## What you are asked to do
Would you restate the entries below word for word, leaving out the images?

*** Dataset records

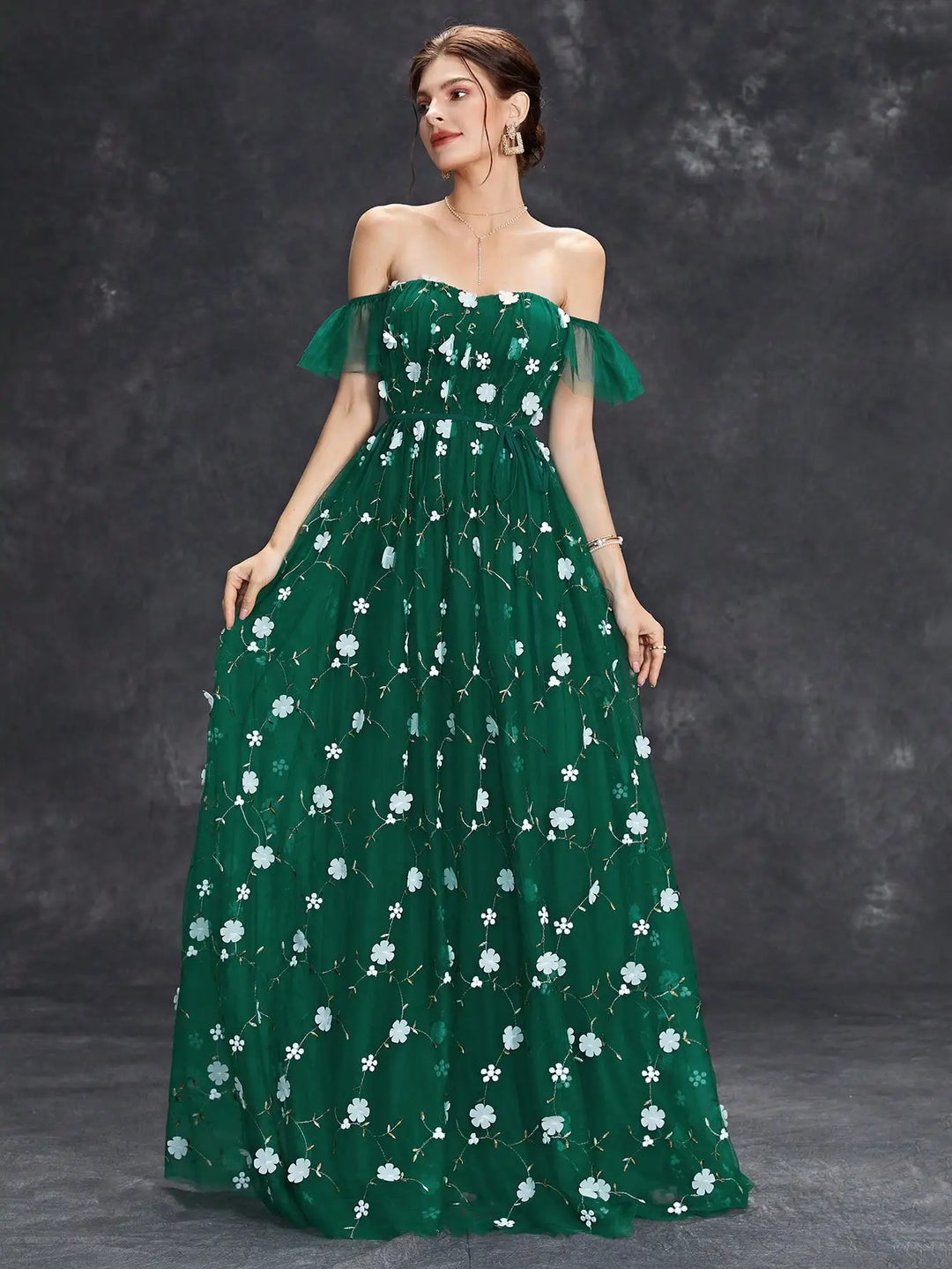 Line collar Three-dimensional Big Swing Dress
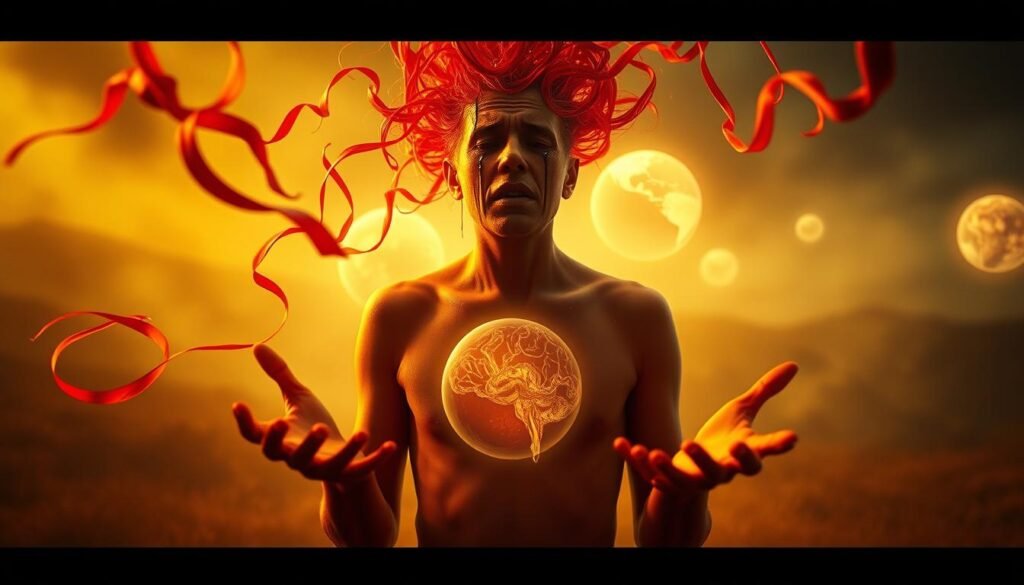 A surreal and dreamlike landscape, bathed in warm, ethereal light. In the foreground, a figure emerges, hands outstretched, their face a mask of raw emotion, tears streaming down their cheeks. Around them, swirling tendrils of blood-red energy, like ghostly ribbons, coil and dance, symbolizing the release of pent-up feelings. In the middle ground, a series of glowing spheres float, each containing a fragmented, abstract vision &ndash; a mind's eye view of the subconscious. The background fades into a hazy, impressionistic realm, hinting at the deeper spiritual plane of dreams and healing. Captured through a soft-focus lens, the overall mood is one of catharsis, introspection, and the transformative power of the psyche.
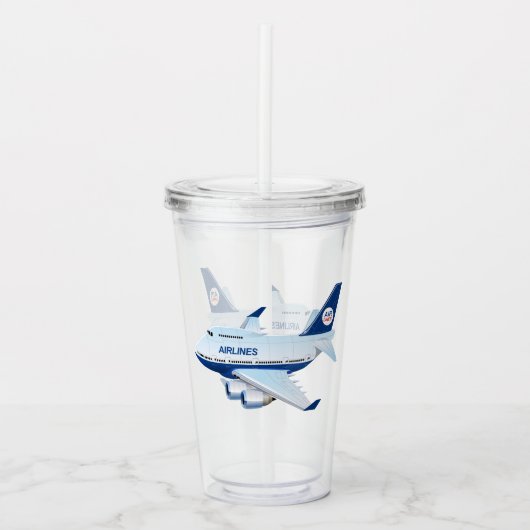 Cartoon vliegtuig acryl drinkbeker (Voorkant)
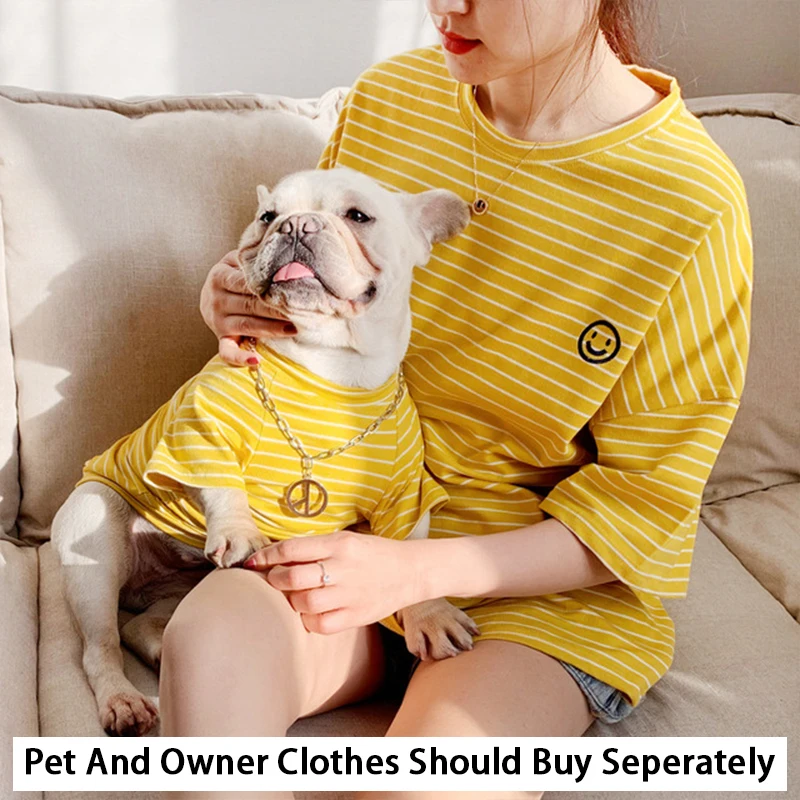Pet комплекты одежды для небольших собак Французский бульдог в полоску рубашка для животных, собак Костюмы для домашних животных Ropa Perro Щенка Мопса наряд - Цвет: Yellow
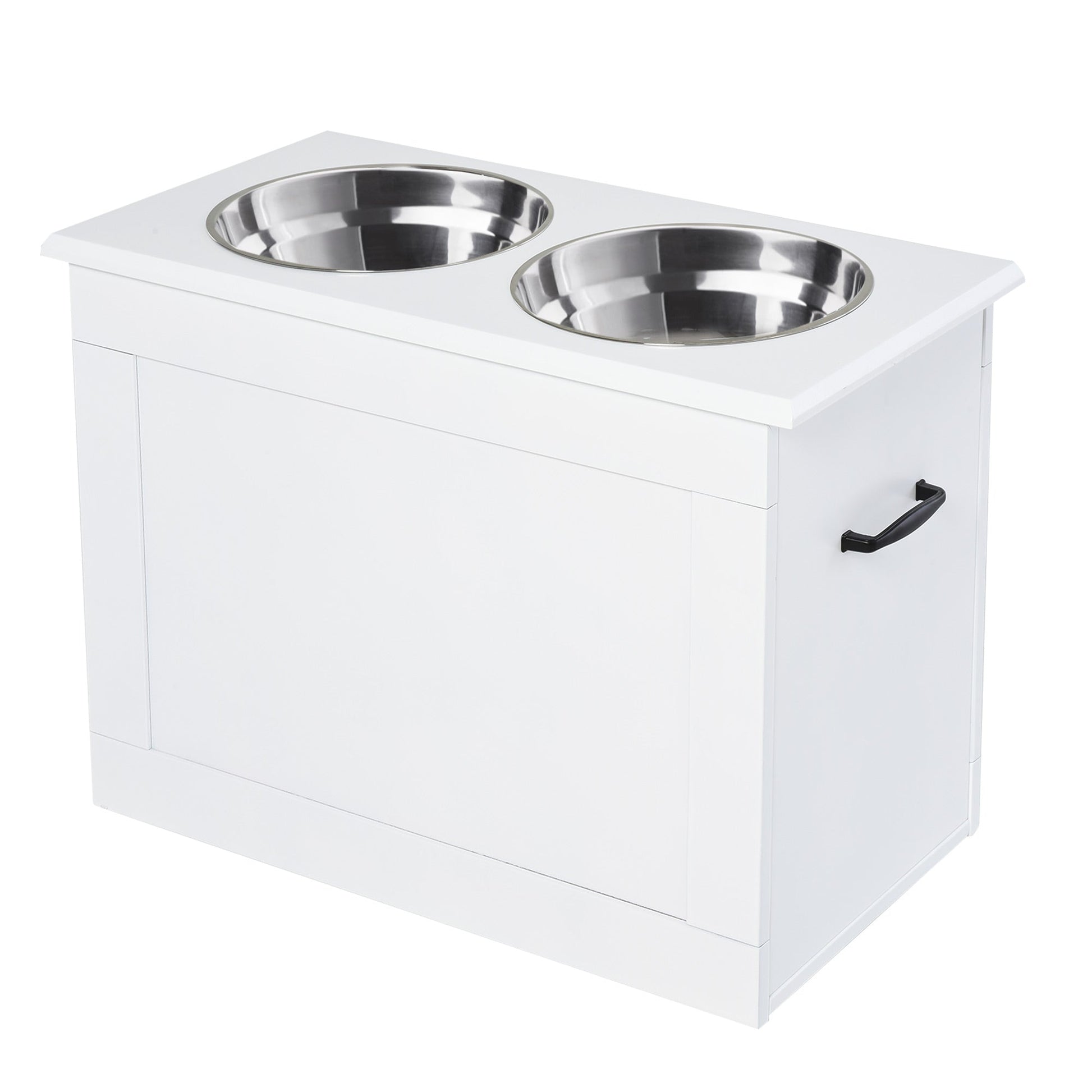 Raised Dog Bowls, Pet Feeding Storage Station with Two Stainless Steel Bowls, Base, for Large Dogs, White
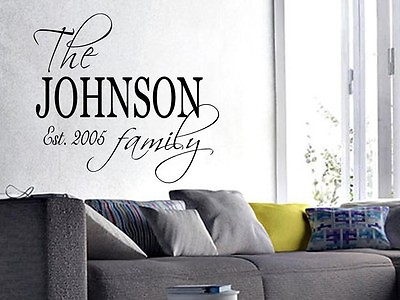 #ad FAMILY NAME EST. PERSONALIZED Wall Art Decal Quote Words Lettering Decor 17x30 $17.69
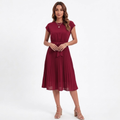 Robe Midi Plissée à Manches Courtes et Taille Haute avec Ceinture pour Femmes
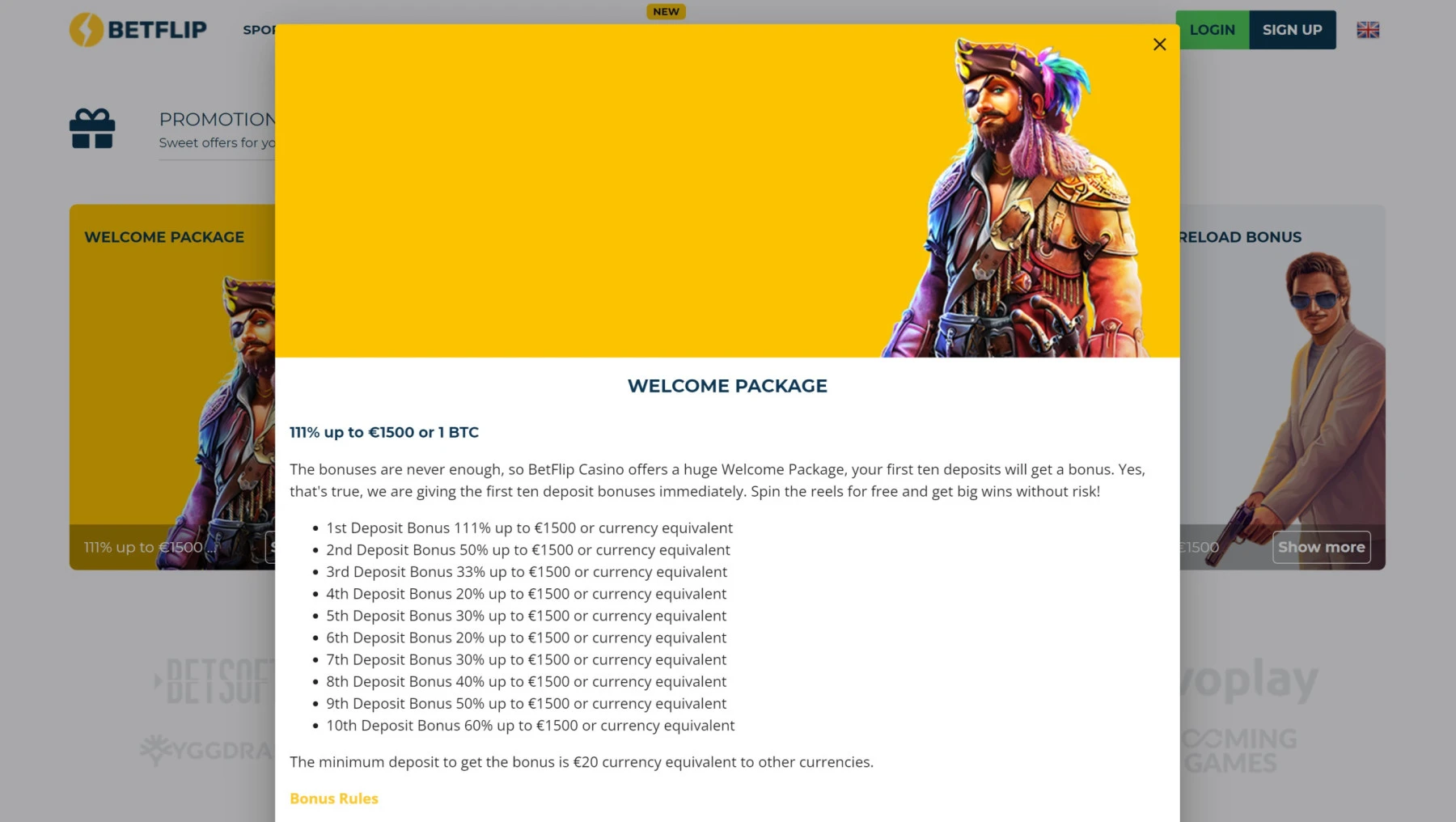 betflip crypto casino welcome package bonus up to 1 btc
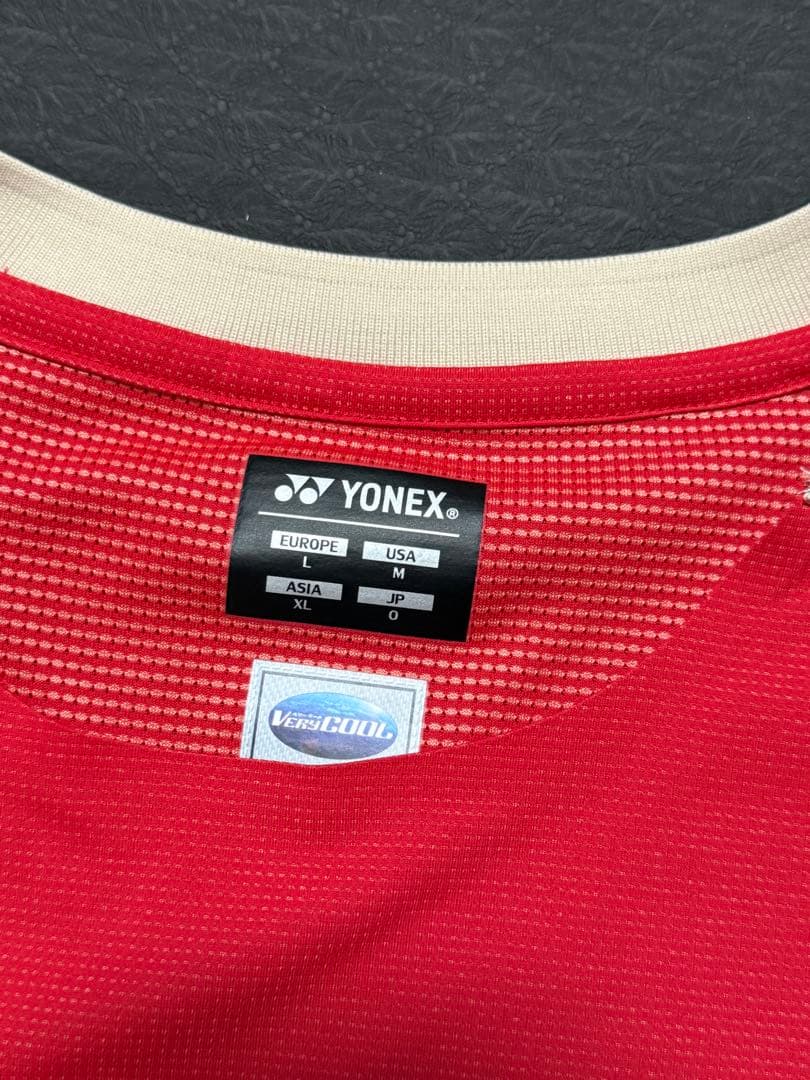 YONEX verycool バドミントン ゲームシャツ赤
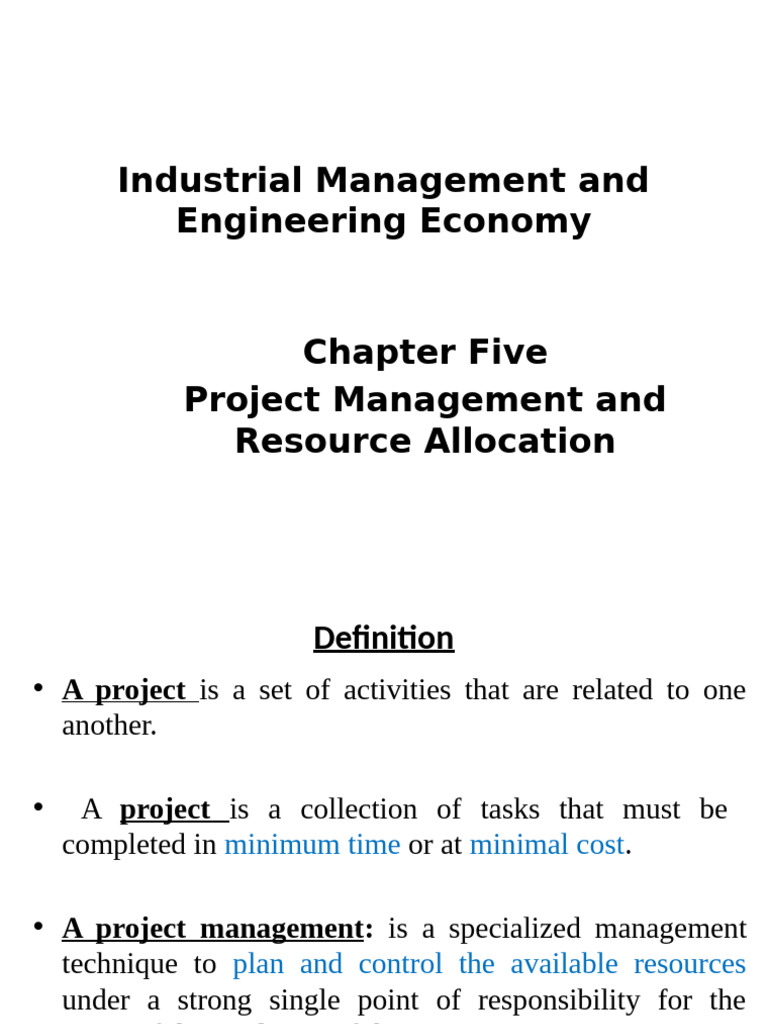 CH-5-project Management and Resource Allocation | PDF | Business ...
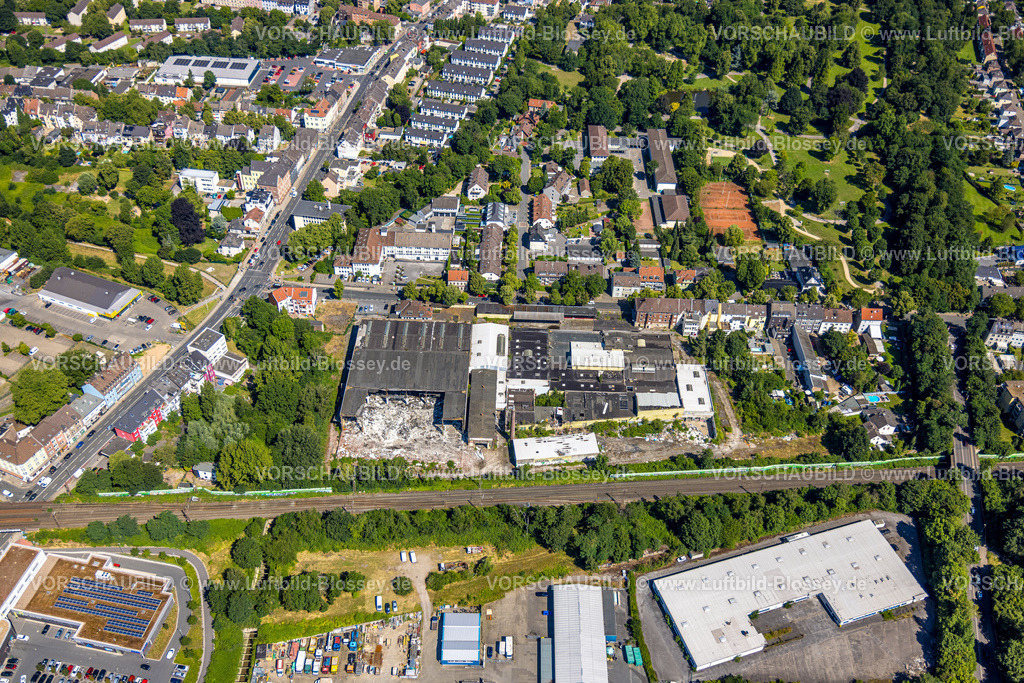 Essen230702618 | Luftbild, Abrissarbeiten ehemaliger Milchhof Kutel am Palmbuschweg, Altenessen, Essen, Ruhrgebiet, Nordrhein-Westfalen, Deutschland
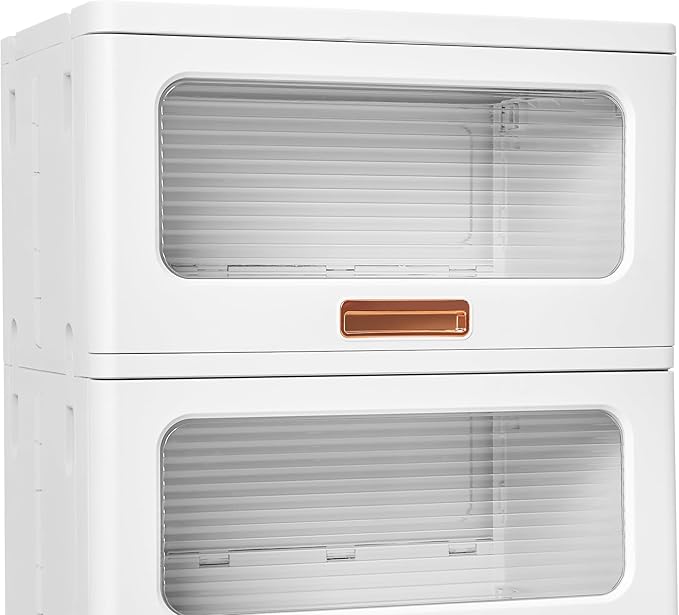 VECELO Storage Cabinet with Drawer, Pull-Out Stackable Bins with Wheels, Waterproof Modular Organizer, Multi-Tier Closet Storage for Bedroom, Living Room & Bathroom, Large 1-Tier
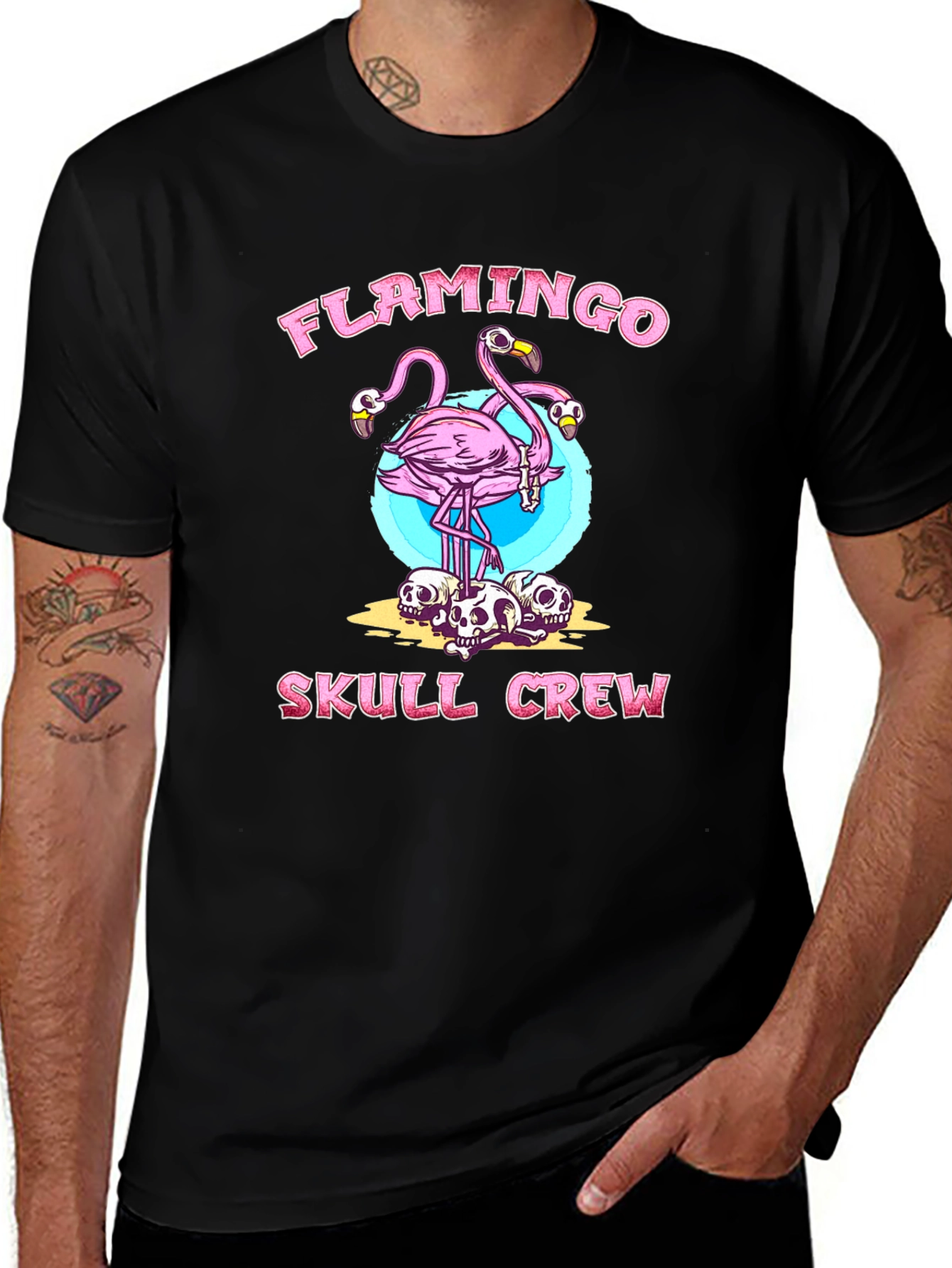 Flamingo Skull Crew Graphic T-Shirt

******

## Task response
 Line collar Three-dimensional Big Swing Dress
 A surreal and dreamlike landscape, bathed in warm, ethereal light. In the foreground, a figure emerges, hands outstretched, their face a mask of raw emotion, tears streaming down their cheeks. Around them, swirling tendrils of blood-red energy, like ghostly ribbons, coil and dance, symbolizing the release of pent-up feelings. In the middle ground, a series of glowing spheres float, each containing a fragmented, abstract vision &ndash; a mind's eye view of the subconscious. The background fades into a hazy, impressionistic realm, hinting at the deeper spiritual plane of dreams and healing. Captured through a soft-focus lens, the overall mood is one of catharsis, introspection, and the transformative power of the psyche.
 Cartoon vliegtuig acryl drinkbeker (Voorkant)
Pet комплекты одежды для небольших собак Французский бульдог в полоску рубашка для животных, собак Костюмы для домашних животных Ropa Perro Щенка Мопса наряд - Цвет: Yellow
 Raised Dog Bowls, Pet Feeding Storage Station with Two Stainless Steel Bowls, Base, for Large Dogs, White
 #ad FAMILY NAME EST. PERSONALIZED Wall Art Decal Quote Words Lettering Decor 17x30 $17.69
 Robe Midi Plissée à Manches Courtes et Taille Haute avec Ceinture pour Femmes
 betflip crypto casino welcome package bonus up to 1 btc
 YONEX verycool バドミントン ゲームシャツ赤
 CH-5-project Management and Resource Allocation | PDF | Business ...
 Essen230702618 | Luftbild, Abrissarbeiten ehemaliger Milchhof Kutel am Palmbuschweg, Altenessen, Essen, Ruhrgebiet, Nordrhein-Westfalen, Deutschland
 VECELO Storage Cabinet with Drawer, Pull-Out Stackable Bins with Wheels, Waterproof Modular Organizer, Multi-Tier Closet Storage for Bedroom, Living Room & Bathroom, Large 1-Tier
 Flamingo Skull Crew Graphic T-Shirt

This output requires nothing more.